**Your goal**
Starting at the line that contains "2015 CHRYSLER 200" and stopping at the line that contains "Vand pat copii", restate each line of the records below exactly. Omit the pictures.

**Material provided**
--------------------------------------------------

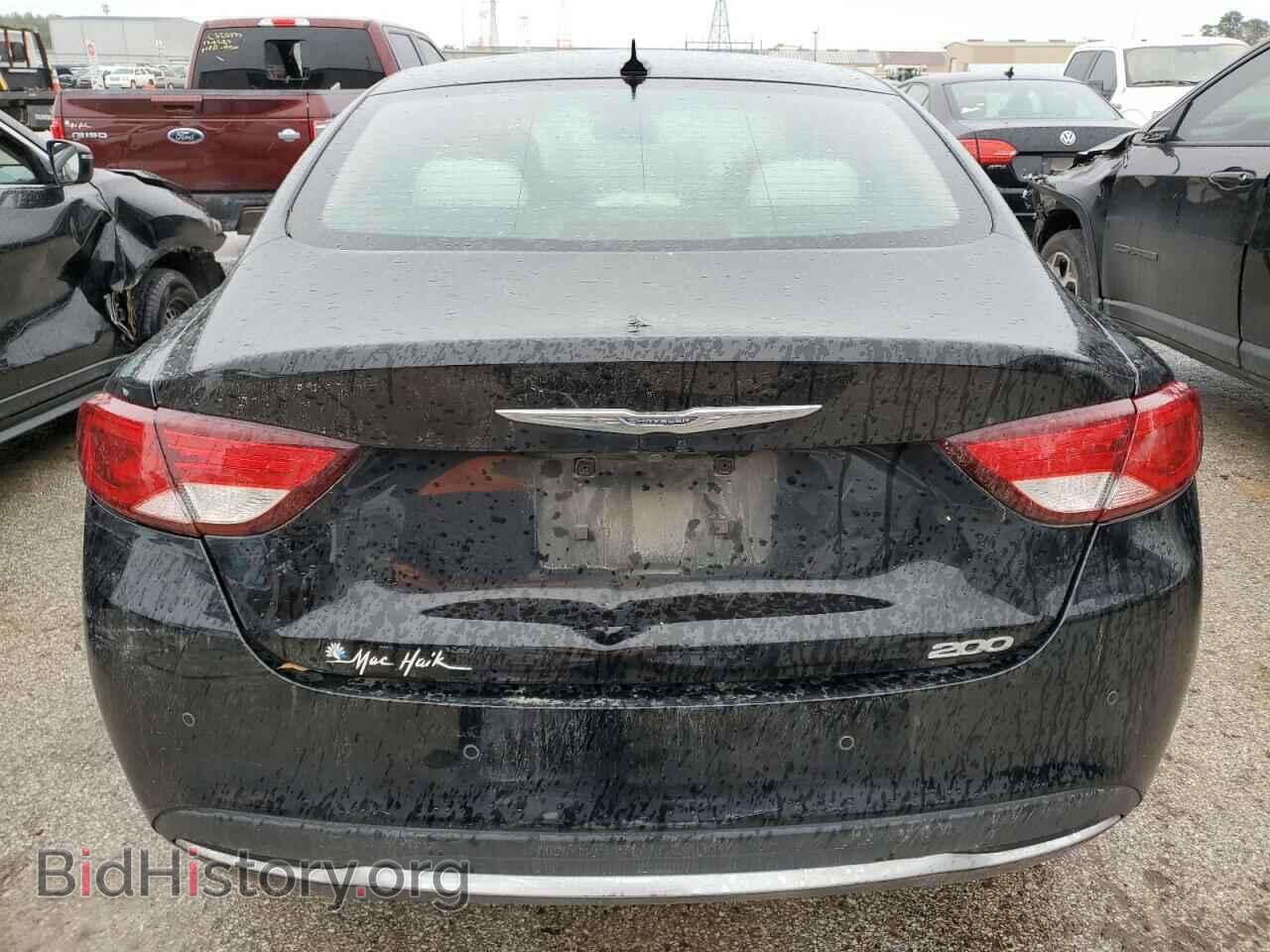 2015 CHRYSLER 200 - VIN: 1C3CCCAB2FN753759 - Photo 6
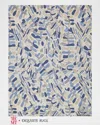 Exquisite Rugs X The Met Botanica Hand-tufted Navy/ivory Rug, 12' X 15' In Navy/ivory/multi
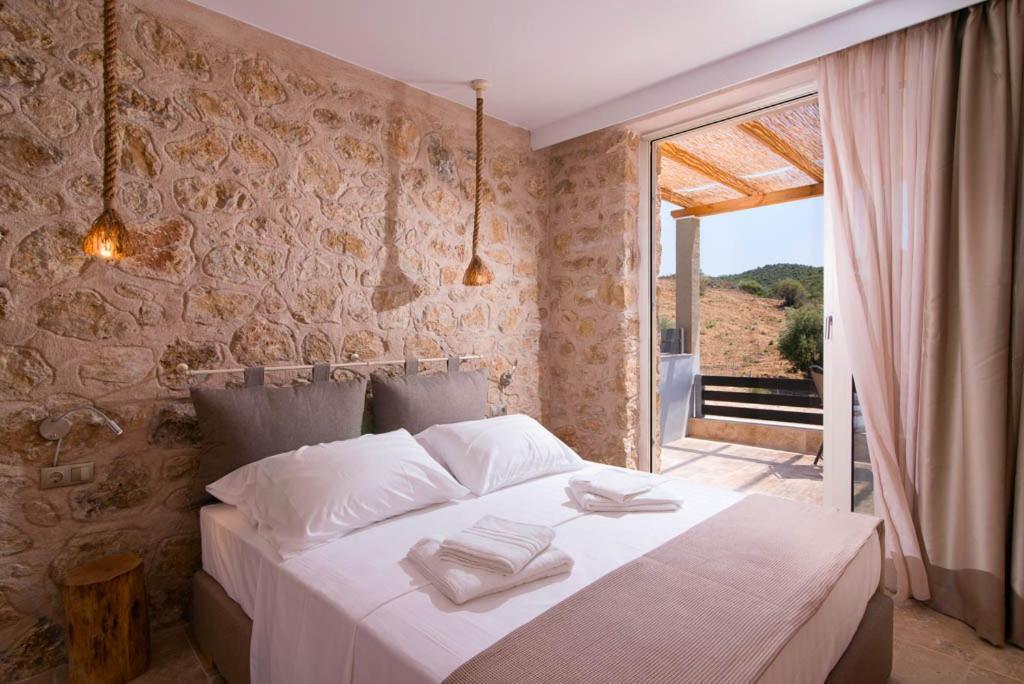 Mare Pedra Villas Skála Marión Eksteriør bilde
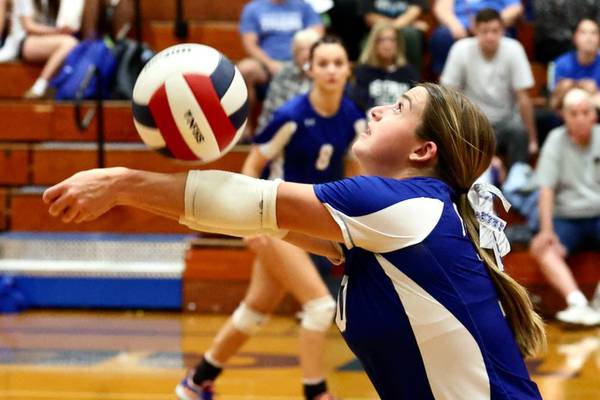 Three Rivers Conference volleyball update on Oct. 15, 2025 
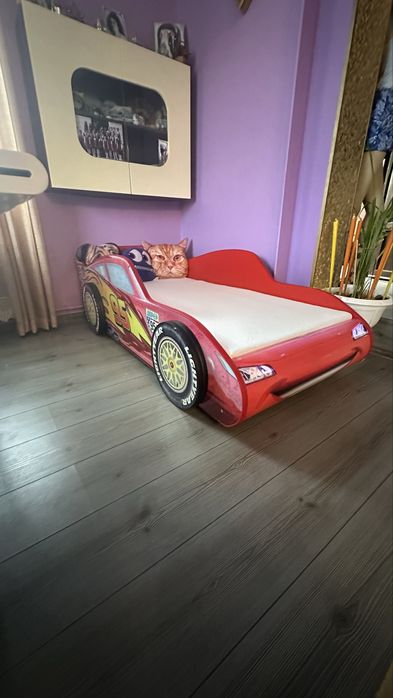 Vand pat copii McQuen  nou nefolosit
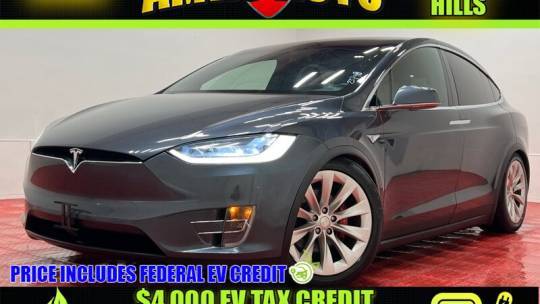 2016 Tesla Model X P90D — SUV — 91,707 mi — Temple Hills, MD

--------------------------------------------------

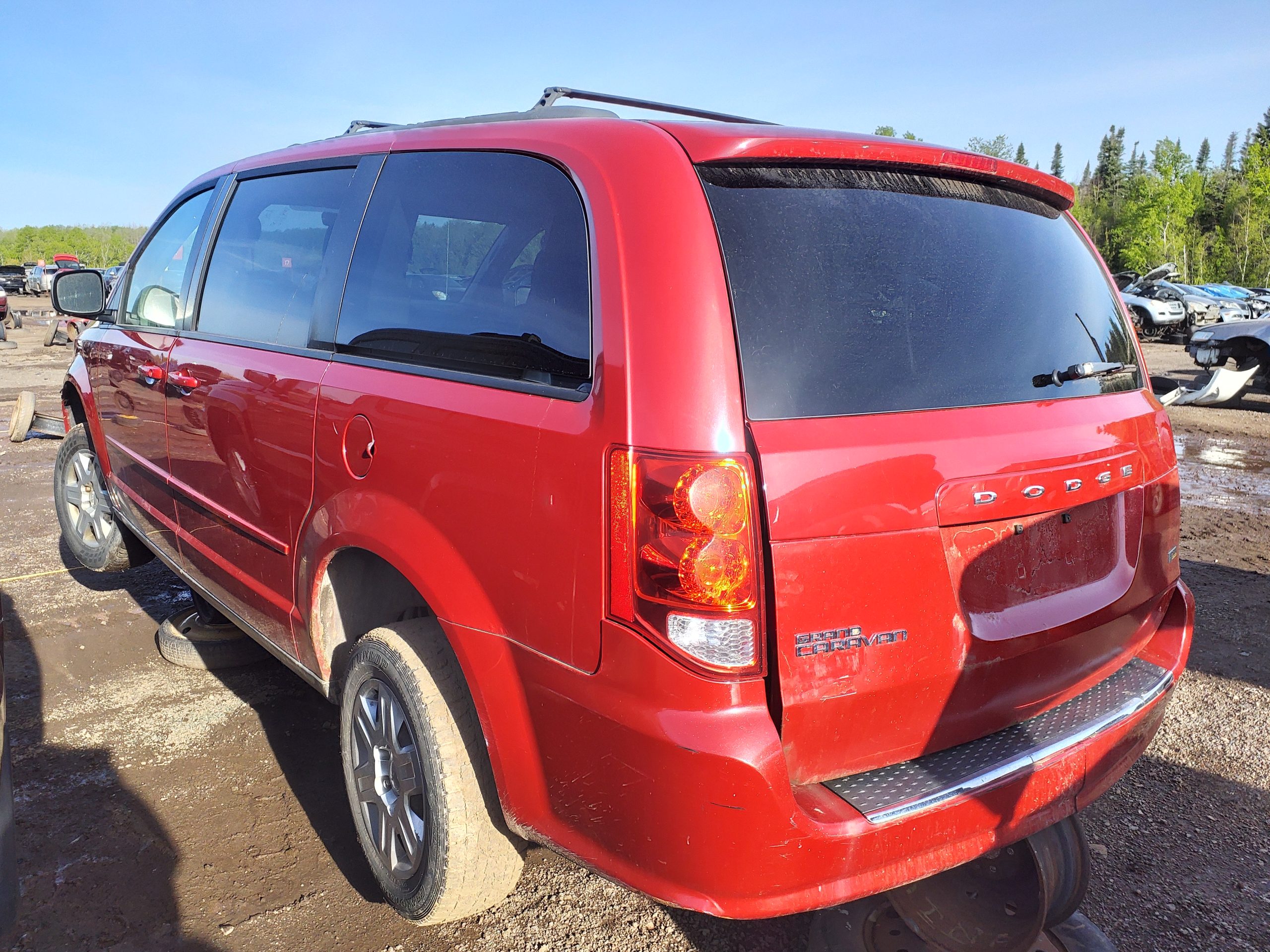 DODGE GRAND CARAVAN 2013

--------------------------------------------------

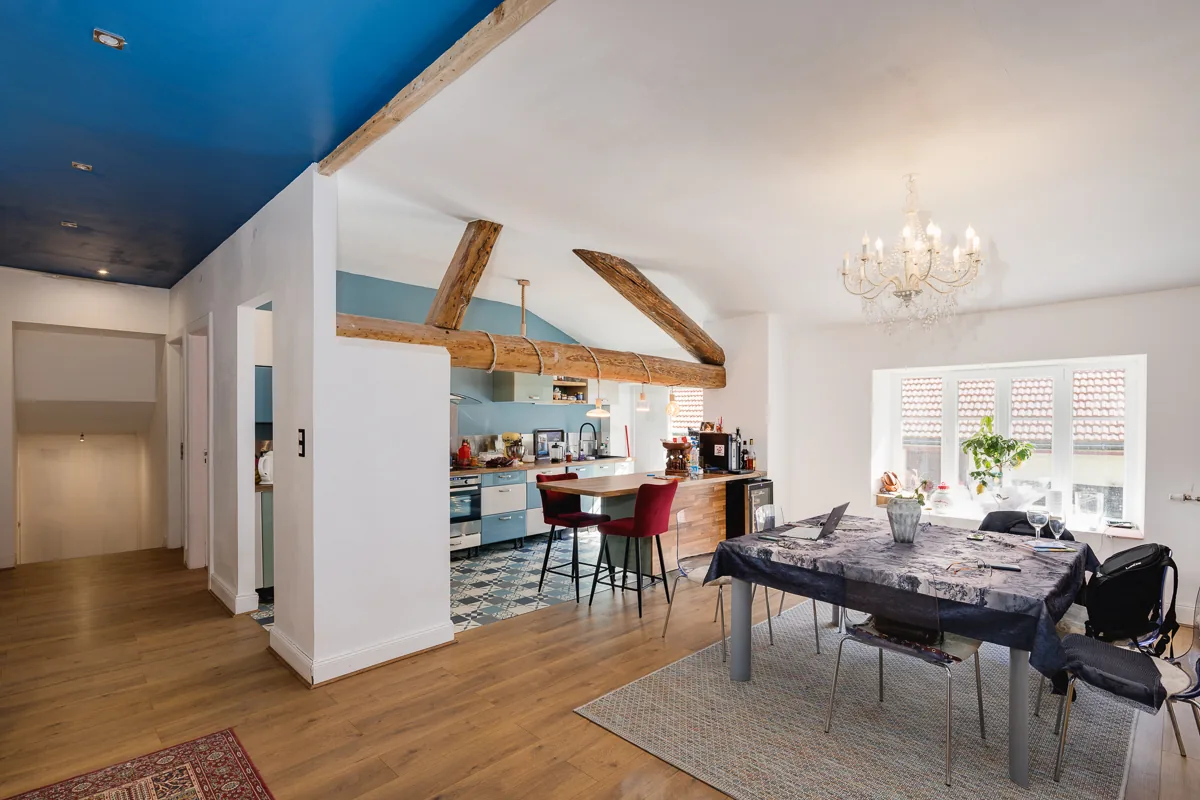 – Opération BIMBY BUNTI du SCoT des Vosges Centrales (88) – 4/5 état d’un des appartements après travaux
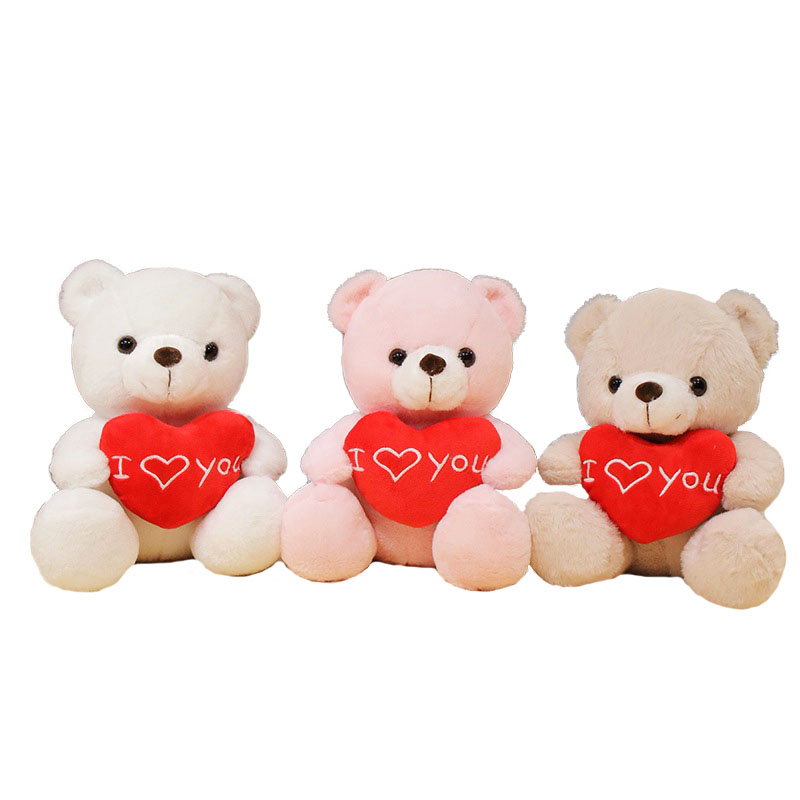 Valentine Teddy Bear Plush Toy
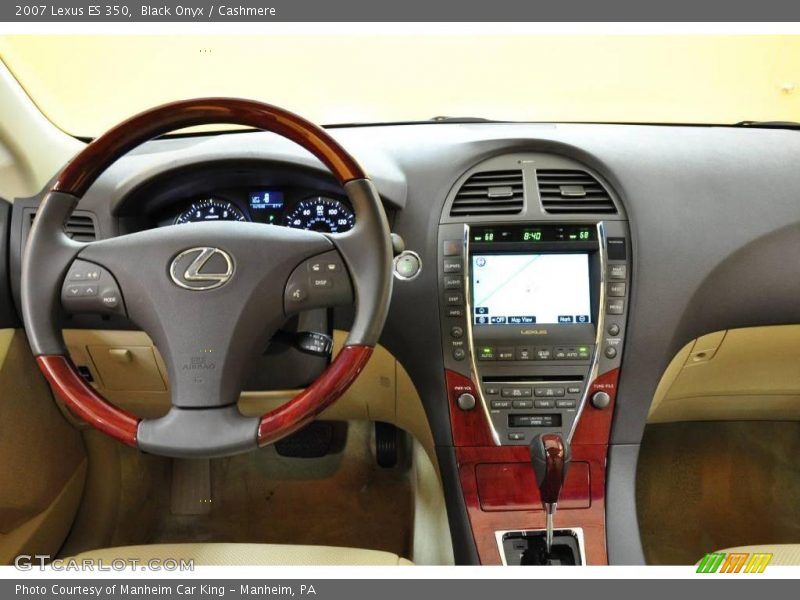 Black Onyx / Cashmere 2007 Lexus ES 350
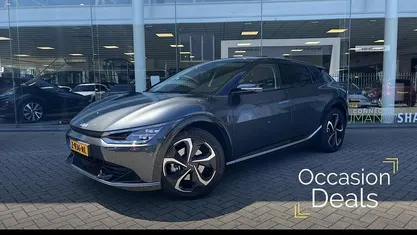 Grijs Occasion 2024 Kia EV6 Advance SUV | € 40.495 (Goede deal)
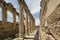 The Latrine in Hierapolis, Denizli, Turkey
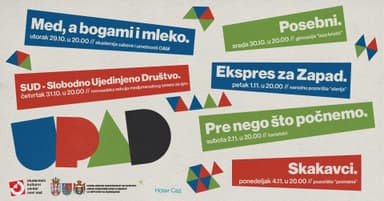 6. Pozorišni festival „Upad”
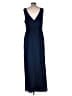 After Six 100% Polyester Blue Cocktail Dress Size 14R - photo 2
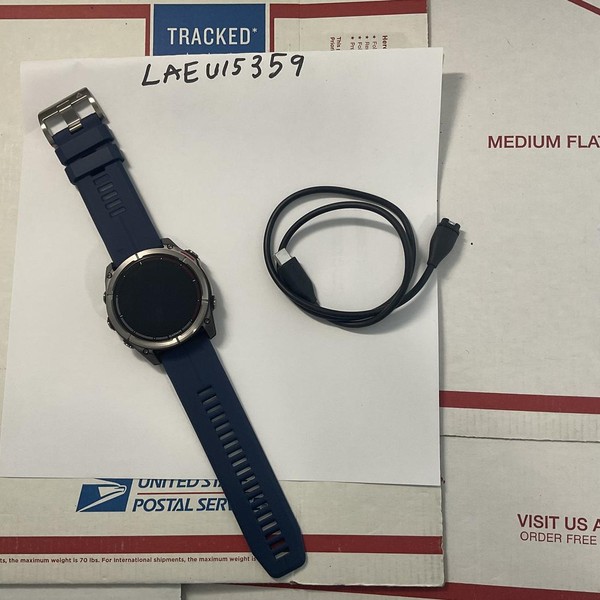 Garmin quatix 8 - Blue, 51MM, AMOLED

--------------------------------------------------

**Written response**
 2015 CHRYSLER 200 - VIN: 1C3CCCAB2FN753759 - Photo 6
 Exquisite Rugs X The Met Botanica Hand-tufted Navy/ivory Rug, 12' X 15' In Navy/ivory/multi
 Mare Pedra Villas Skála Marión Eksteriør bilde
 Three Rivers Conference volleyball update on Oct. 15, 2025 
 Vand pat copii McQuen  nou nefolosit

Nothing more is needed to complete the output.